* **Data for processing**

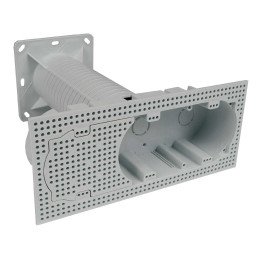 KOPOS CDW548 Izolēta montāžas kārba KEZ-3 Virsapmetuma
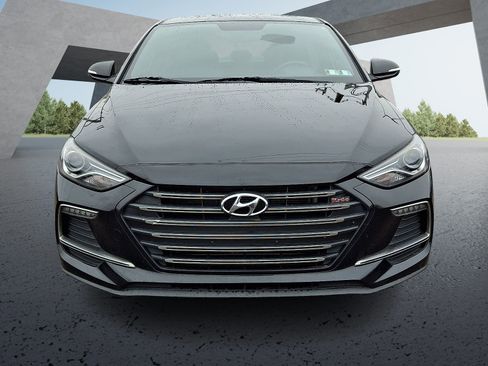 Used 2018 Hyundai Elantra Sport w/ Sport Premium Package 03 image 2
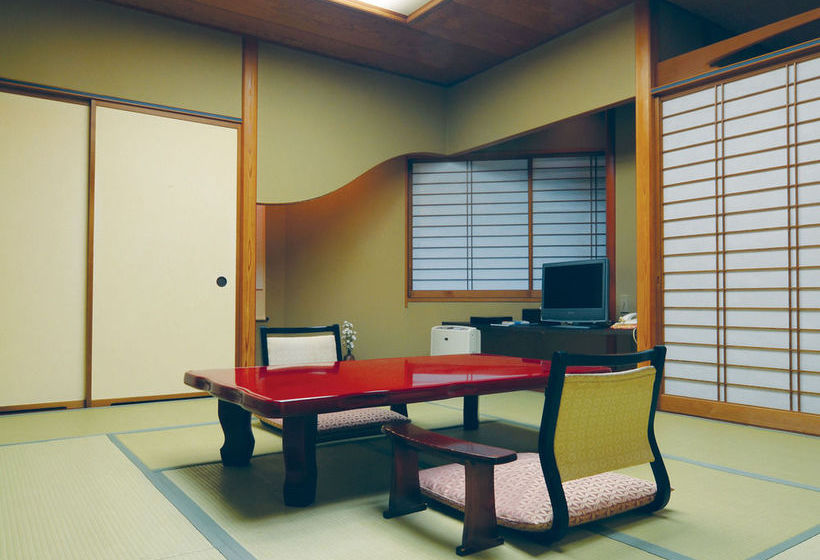 ریوکان Kinokuniya Yusenkan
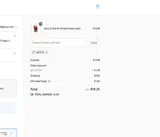 LACE10 coupon verification screenshot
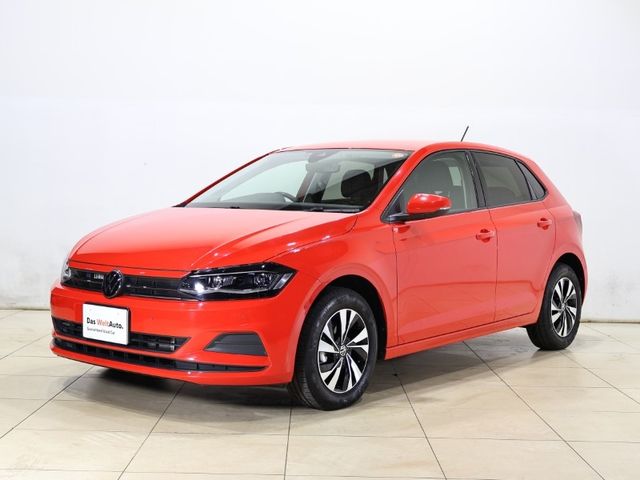 VOLKSWAGEN / VOLKSWAGEN POLO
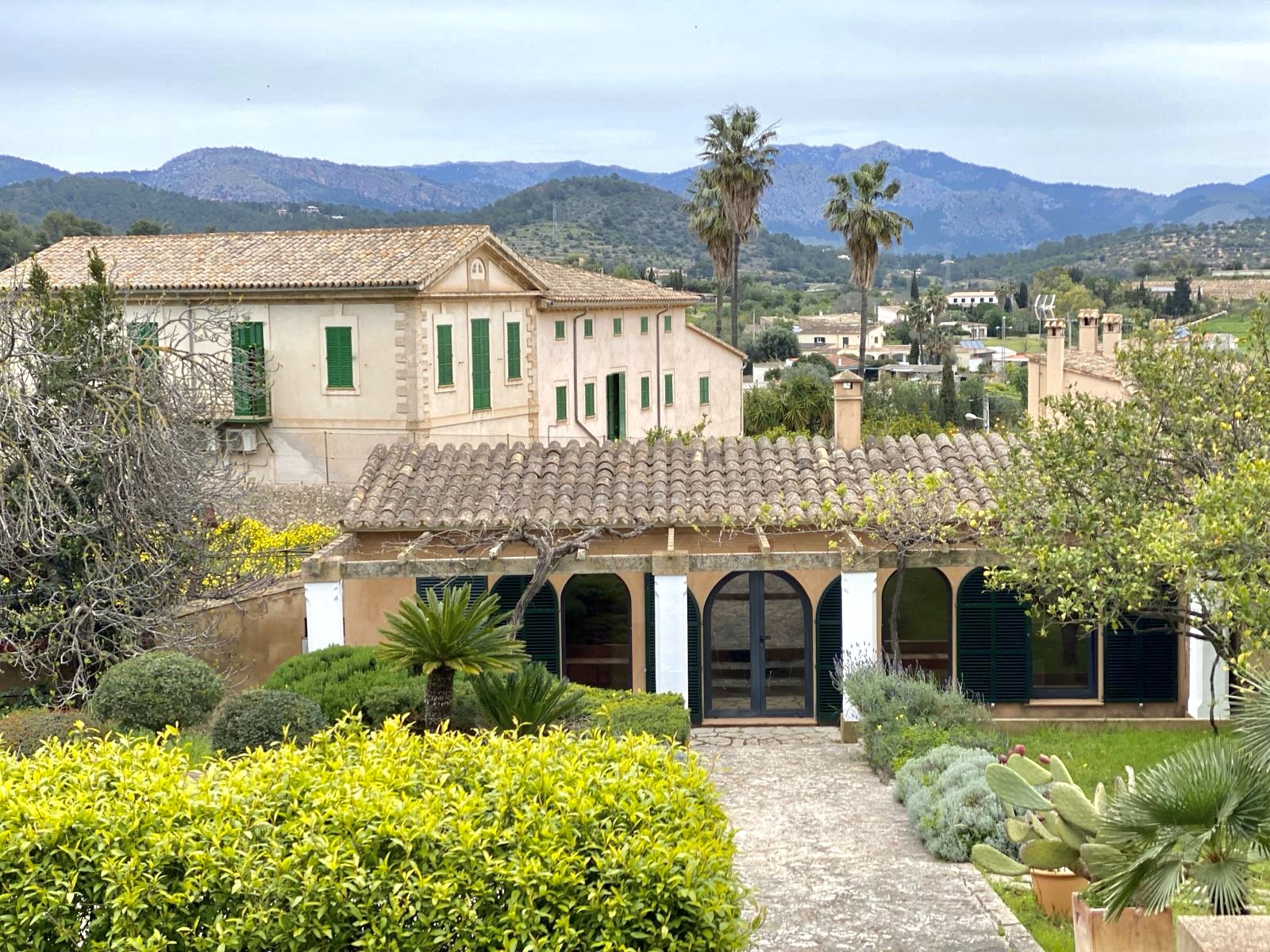 Property with pool for sale Mallorca
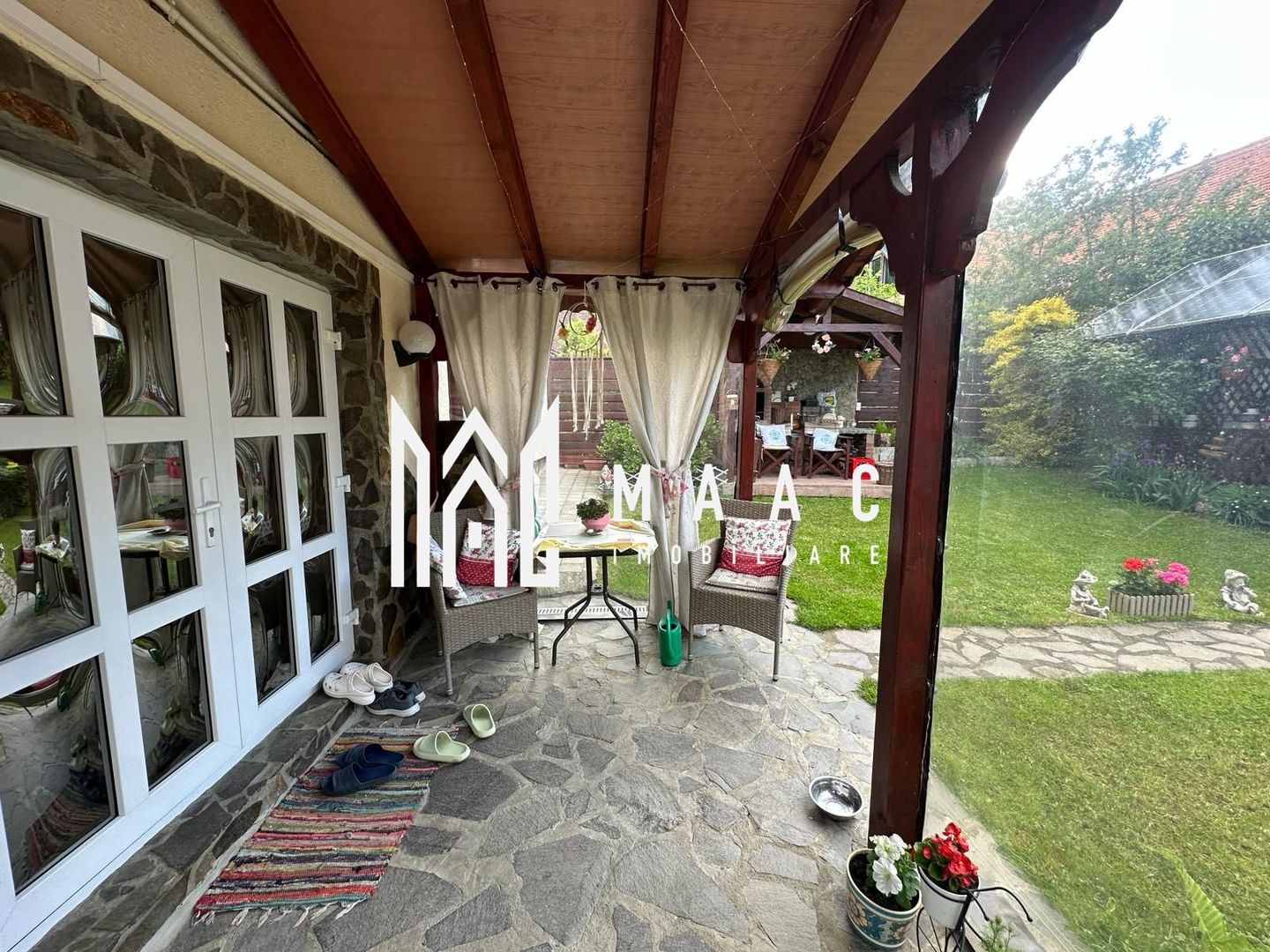 Casă individuală | 4 Camere | 150 MPU | Cisnădioara - Poză 15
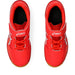 【ショップ限定エントリーでさらに+9倍】JUNIOLE7INアシックスasics1104A055-600FLASHRED/WHITEジュニアフットサルシューズインドア室内用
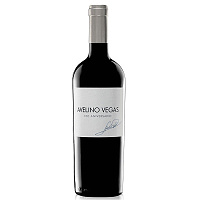 Вино Красное Сухое Avelino Vegas 100 Aniversario Ribera del Duero 2016 0,75 л фото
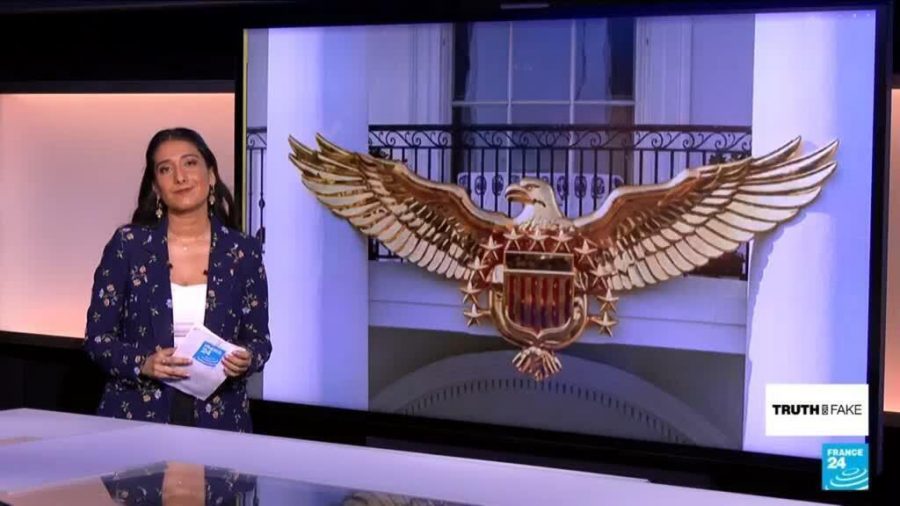 Trump’s Tacky AI Golden Eagle Post Sparks Online Mockery Ahead of 250th Anniversary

* **Required action**
Beginning with the line that holds "Вино Красное Сухое", return each line through the end of the records above exactly. Do not include pictures.

* **Finished exercise**
 Вино Красное Сухое Avelino Vegas 100 Aniversario Ribera del Duero 2016 0,75 л фото
 Trump’s Tacky AI Golden Eagle Post Sparks Online Mockery Ahead of 250th Anniversary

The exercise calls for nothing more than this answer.